‘Makes me feel sick,’ said my husband, referring not to the third mince pie of the morning (in Advent, supposedly a penitential time of preparation), nor to accepting a glass of champagne after having earlier accepted a glass of whisky at another house. No, what made him feel sick was the seasonal greeting: ‘God bless, and be safe.’ For once, I agreed with him.
It was bad enough to be exhorted to drive safely or even stay safe during periods when terrorists had eased off a bit (after peak IRA, but before 2001). But now, with a fashion for shooting civilians in unexpected places, to be told to be safe makes no more sense than to be told to be rich. Yet safe is the word of 2015.

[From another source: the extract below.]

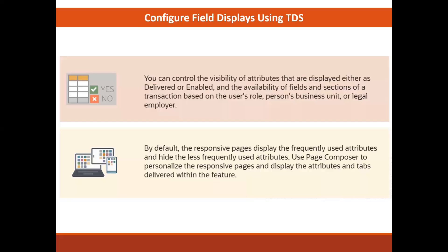So this is about today's session. This is about how you can configure the process in time and labor, how you can use the transaction design studio for time and labor. I hope this method is clear to you. Thank you so much for watching the video.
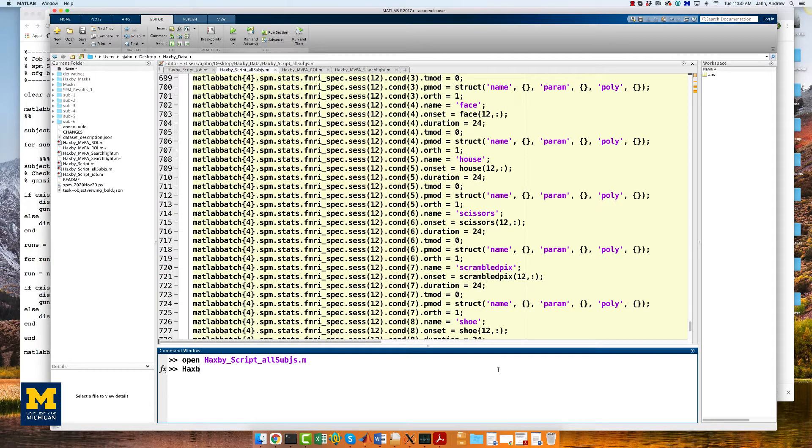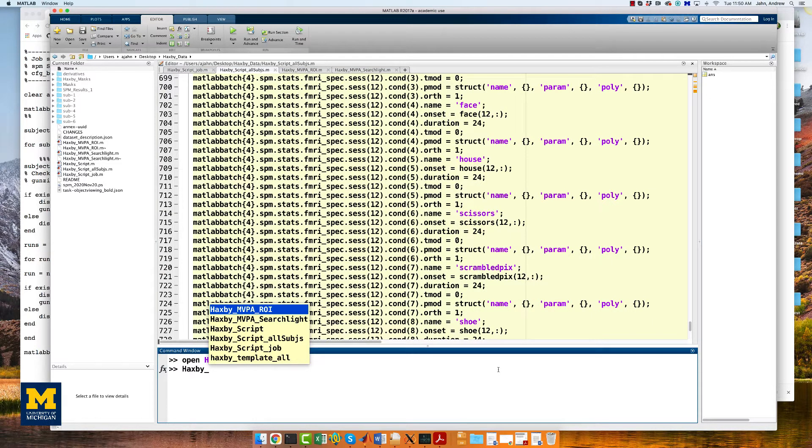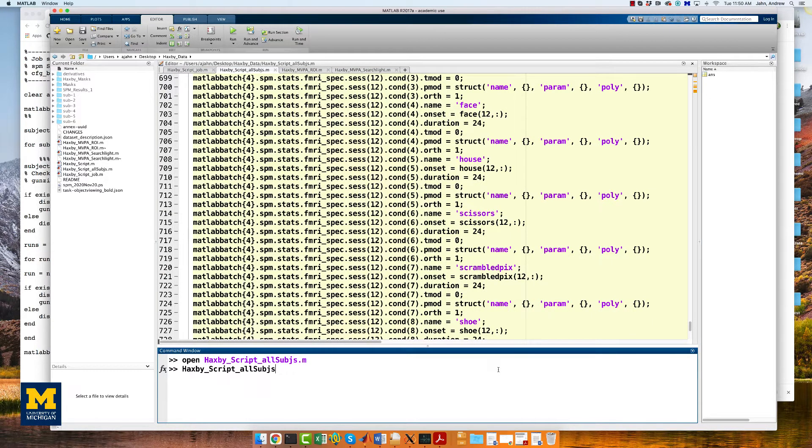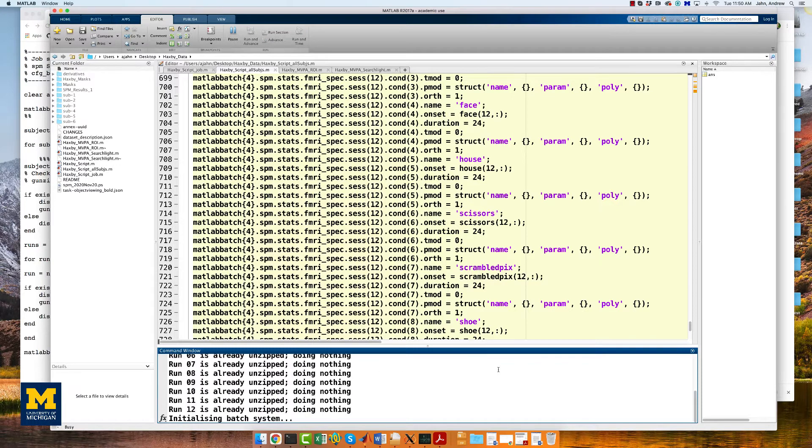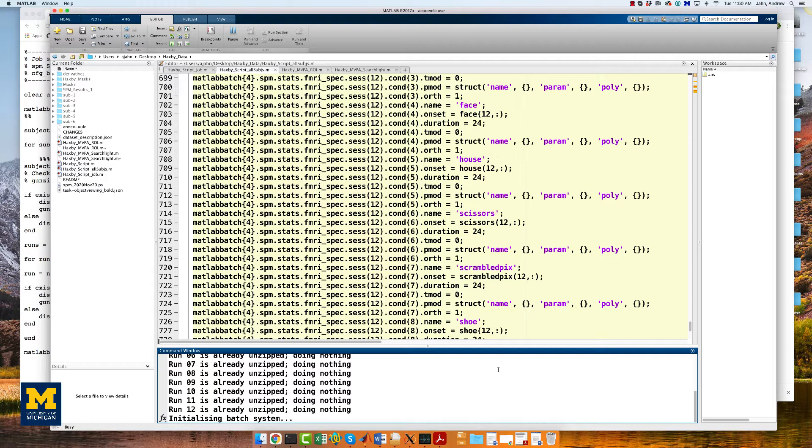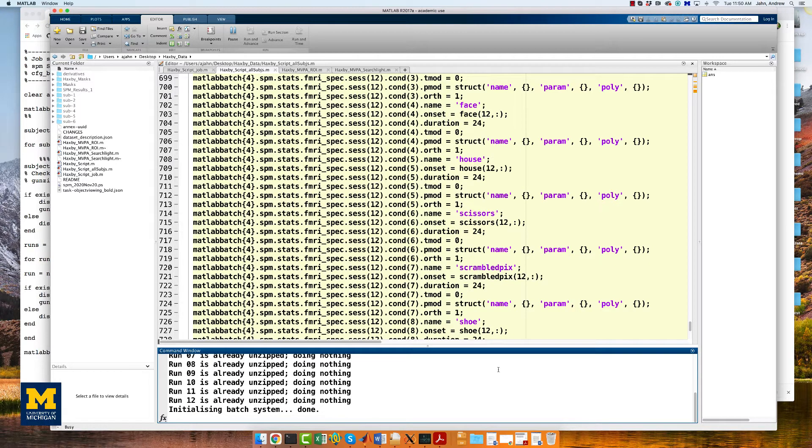Once you've finished reviewing it, you can run the script by typing Haxby script all subjects. And then it will run through each of the subjects and do the pre-processing just as we did a few videos ago. I'm going to fade out here and come back when it's done.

The most bizarre manifestation of the current desire for safety is the demand by some students that universities should be safe spaces — ‘free from violence, harassment and abusive language’. By a kind of doctrinaire centralised thinking, this had led to banning guest speakers held to be guilty of thought-crimes such as ‘transphobia’. Transphobia is saying or thinking the wrong thing about those who adopt a different sexual role from that into which they were born.
But it wasn’t just Germaine Greer. The Student Union at University College London banned the Nietzsche Club on the grounds that it was ‘promoting a far-right, fascist ideology’. Perhaps it was. But the nub of the ban was that this ‘fascism is directly threatening to the safety of the UCL student body’.
Then, in the autumn, a student at Warwick objected to attending a ‘sexual consent’ workshop. ‘Self-appointed teachers of consent: get off your fucking high horse,’ he said. But he was told angrily by other students that his re-education was necessary to make ‘campuses safer environments for everyone’.